Timestamp Microservice - why multiple .js files?

So, I felt pretty much lost in building the app, essentially because I don’t quite understand why all the people are making more than one .js file - app.js, timestamp.js, router.js etc, and, more embarassing, I don’t understand the code they made… :flushed: Since it was hard for me to grasp the philosophy behind that, I decided to just try and make it work, and after I’m done with the first working version, I could ask for help.

These are my GitHub repository and Heroku app:


https://timestamppilgrim011.herokuapp.com/

Please feel free to look at it, it seems to be working…

What’s more important - could anyone explain why should I make multiple .js files instead of one for this project - what’s the benefit?

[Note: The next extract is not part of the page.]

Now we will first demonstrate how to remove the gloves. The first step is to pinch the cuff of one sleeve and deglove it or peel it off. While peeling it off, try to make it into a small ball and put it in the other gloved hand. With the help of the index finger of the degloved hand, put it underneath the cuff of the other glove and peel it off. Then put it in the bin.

Also, if someone would be so kind and explain me what would it look like if my server.js was separated into two or more files - I think I still don’t understand the concept, or the “big picture” behind all this… All in all, an example (simpler - better) and an explanation would be fantastic.:relaxed:

For this project, I also have one JS file, which is server.js.
You don’t really need extra JS file, unless you want to embellish it with more interaction for the app.

Here’s my app, which is essentially the same format as yours.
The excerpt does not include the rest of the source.